Wenn Patriarchen zuschlagen: Gewaltberatung hat alle Hände voll zu tun
31 – das ist die erschütternde Zahl der Frauenmorde in Österreich im vergangenen Jahr. Fast 320 Frauenmorde waren es innerhalb von elf Jahren.
Die Regierung versucht nun, mit Gewaltschutz-Maßnahmen im Umfang von fast 25 Millionen Euro entgegenzuwirken. Ein wesentlicher Bestandteil des Pakets ist die seit dem 1. September 2021 verpflichtende Gewaltpräventionsberatung für Gefährder. Bereits 800 solcher insgesamt sechsstündigen Beratungssitzungen mit professionellen Sozialarbeitern hat der Bewährungshilfe-Verein Neustart alleine in Niederösterreich und dem Burgenland mit potenziellen Gewalttätern abgehalten. 90 Prozent davon sind Männer.
Quantensprung
„Dass diese Gespräche verpflichtend sind, ist ein Quantensprung. Wir haben jahrelang darum gekämpft“, sagt Alexander Grohs von Neustart.
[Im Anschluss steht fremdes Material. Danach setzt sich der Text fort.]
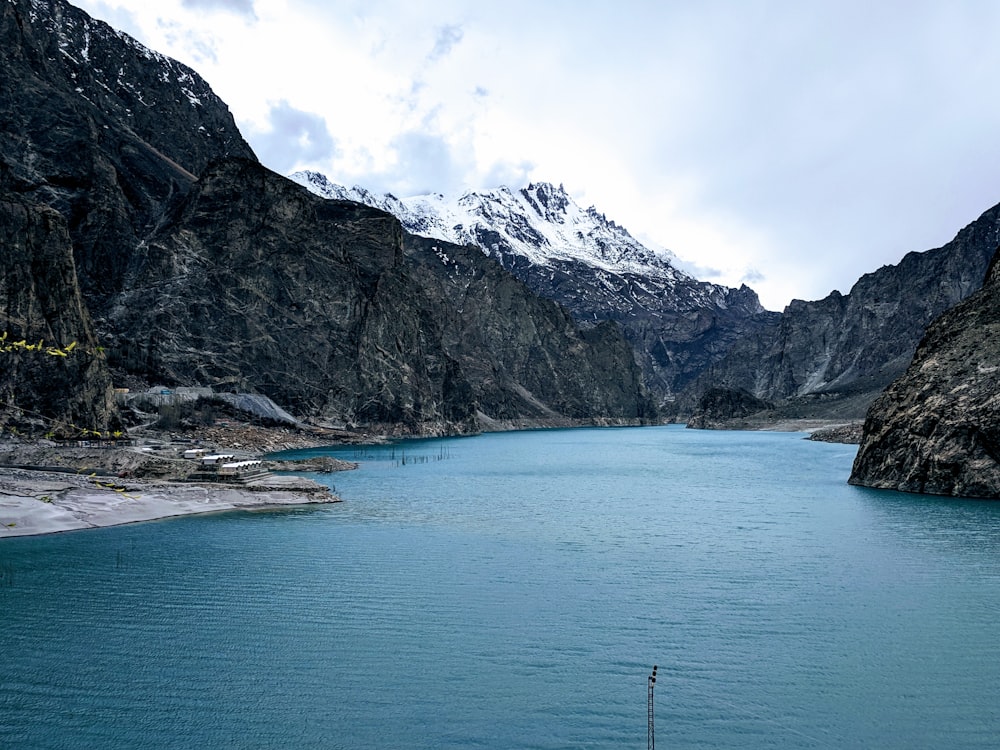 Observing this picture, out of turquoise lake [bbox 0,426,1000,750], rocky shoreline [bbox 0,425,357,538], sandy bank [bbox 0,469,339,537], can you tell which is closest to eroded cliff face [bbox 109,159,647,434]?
rocky shoreline [bbox 0,425,357,538]

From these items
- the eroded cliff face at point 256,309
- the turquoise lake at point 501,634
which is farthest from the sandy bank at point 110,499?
the eroded cliff face at point 256,309

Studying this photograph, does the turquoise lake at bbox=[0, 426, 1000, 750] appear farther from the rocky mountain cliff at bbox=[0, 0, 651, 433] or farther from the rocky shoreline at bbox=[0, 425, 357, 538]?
the rocky mountain cliff at bbox=[0, 0, 651, 433]

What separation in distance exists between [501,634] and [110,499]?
130 ft

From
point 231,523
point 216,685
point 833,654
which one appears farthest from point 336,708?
point 231,523

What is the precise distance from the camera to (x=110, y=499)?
52656 millimetres

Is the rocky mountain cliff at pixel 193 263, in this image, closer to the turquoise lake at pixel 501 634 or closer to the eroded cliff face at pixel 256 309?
the eroded cliff face at pixel 256 309

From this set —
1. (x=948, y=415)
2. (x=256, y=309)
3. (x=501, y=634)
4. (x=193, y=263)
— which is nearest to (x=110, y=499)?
(x=501, y=634)

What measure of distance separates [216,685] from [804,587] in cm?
2486

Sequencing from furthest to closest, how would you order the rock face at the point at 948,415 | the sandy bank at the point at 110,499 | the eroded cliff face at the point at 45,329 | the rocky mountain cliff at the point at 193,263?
the rocky mountain cliff at the point at 193,263
the eroded cliff face at the point at 45,329
the rock face at the point at 948,415
the sandy bank at the point at 110,499

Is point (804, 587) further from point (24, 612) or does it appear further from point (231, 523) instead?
point (231, 523)

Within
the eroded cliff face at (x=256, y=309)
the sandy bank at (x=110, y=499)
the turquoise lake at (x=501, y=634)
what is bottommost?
the turquoise lake at (x=501, y=634)

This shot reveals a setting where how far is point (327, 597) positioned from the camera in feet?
99.7

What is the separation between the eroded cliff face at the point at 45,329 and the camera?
87.9m

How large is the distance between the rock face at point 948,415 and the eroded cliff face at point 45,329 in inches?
3355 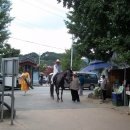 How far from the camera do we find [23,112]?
1934 cm

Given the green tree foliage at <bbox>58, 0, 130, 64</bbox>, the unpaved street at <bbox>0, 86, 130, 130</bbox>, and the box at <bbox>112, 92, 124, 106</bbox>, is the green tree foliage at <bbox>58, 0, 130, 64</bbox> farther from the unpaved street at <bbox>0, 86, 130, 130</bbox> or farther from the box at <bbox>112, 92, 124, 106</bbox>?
the box at <bbox>112, 92, 124, 106</bbox>

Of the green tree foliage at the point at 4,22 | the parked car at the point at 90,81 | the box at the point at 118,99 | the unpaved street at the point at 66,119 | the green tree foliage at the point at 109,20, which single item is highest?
the green tree foliage at the point at 4,22

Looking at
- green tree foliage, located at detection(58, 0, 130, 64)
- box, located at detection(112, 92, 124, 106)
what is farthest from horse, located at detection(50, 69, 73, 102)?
box, located at detection(112, 92, 124, 106)

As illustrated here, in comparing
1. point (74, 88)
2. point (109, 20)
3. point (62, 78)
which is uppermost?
point (109, 20)

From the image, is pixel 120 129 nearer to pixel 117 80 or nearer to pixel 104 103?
pixel 104 103

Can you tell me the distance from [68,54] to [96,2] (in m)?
72.7

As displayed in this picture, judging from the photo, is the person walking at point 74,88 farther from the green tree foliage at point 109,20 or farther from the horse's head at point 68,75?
the green tree foliage at point 109,20

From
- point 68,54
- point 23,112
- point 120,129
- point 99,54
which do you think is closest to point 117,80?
point 99,54

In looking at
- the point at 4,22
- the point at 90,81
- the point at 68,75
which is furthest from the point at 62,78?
the point at 4,22

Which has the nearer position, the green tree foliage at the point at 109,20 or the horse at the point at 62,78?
the green tree foliage at the point at 109,20

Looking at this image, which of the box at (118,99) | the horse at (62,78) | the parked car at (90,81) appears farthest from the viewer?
the parked car at (90,81)

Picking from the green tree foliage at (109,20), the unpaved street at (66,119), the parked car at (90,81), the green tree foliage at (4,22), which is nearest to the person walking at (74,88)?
the green tree foliage at (109,20)

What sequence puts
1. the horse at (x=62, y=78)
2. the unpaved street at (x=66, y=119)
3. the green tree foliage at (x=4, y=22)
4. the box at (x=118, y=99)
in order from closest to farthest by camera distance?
the unpaved street at (x=66, y=119), the box at (x=118, y=99), the horse at (x=62, y=78), the green tree foliage at (x=4, y=22)

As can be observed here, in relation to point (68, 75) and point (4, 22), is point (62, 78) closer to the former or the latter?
point (68, 75)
Freiwillig würde fast keiner der betroffenen Klienten so eine Art der Beratung in Anspruch nehmen. „Die meisten verstehen leider nicht, dass sie etwas angestellt haben. Sie verstehen nicht, dass der Ausspruch einer Drohung auch schon eine Form der psychischen Gewalt ist“, erklärt Grohs.
Zu Beginn seien die betroffenen Personen meist in Rage und aufgebracht darüber, dass sie durch das polizeiliche Annäherungs- und Betretungsverbot vorübergehend ihr Heim verloren haben. Erst nach intensiven Gesprächen richte sich der Fokus darauf, was die Gefährder getan haben, um in diese Situation zu kommen.
Laut Grohs sei vor allem eines deutlich erkennbar: Sehr häufig stecken hinter Fällen von häuslicher Gewalt festgefahrene patriarchale Strukturen. „Es geht um Macht – und darüber, sein Gegenüber zu kontrollieren. Dort, wo Frauen nicht als gleichwertiger Partner angesehen werden, kommt es häufig zur Eskalation“, beschreibt Grohs.
Wie die bisherigen Beratungsgespräche gezeigt haben, ziehe sich dieses Verhaltensmuster durch alle gesellschaftlichen Schichten. „Das kommt in Migrantenfamilien genau so vor, wie in schwachen sozialen Schichten oder in Akademikerfamilien“, weiß der Leiter des Vereins. Mitunter zeigen sich die patriarchalen Verhaltenszüge selbst während der Beratungssitzungen. So berichtet Grohs von Fällen, bei denen männliche Gefährder die Beratung durch eine Sozialarbeiterin verweigerten. Erst nach einer „Abkühlphase“ und intensiven Gesprächen hätten sie sich dazu bereit erklärt.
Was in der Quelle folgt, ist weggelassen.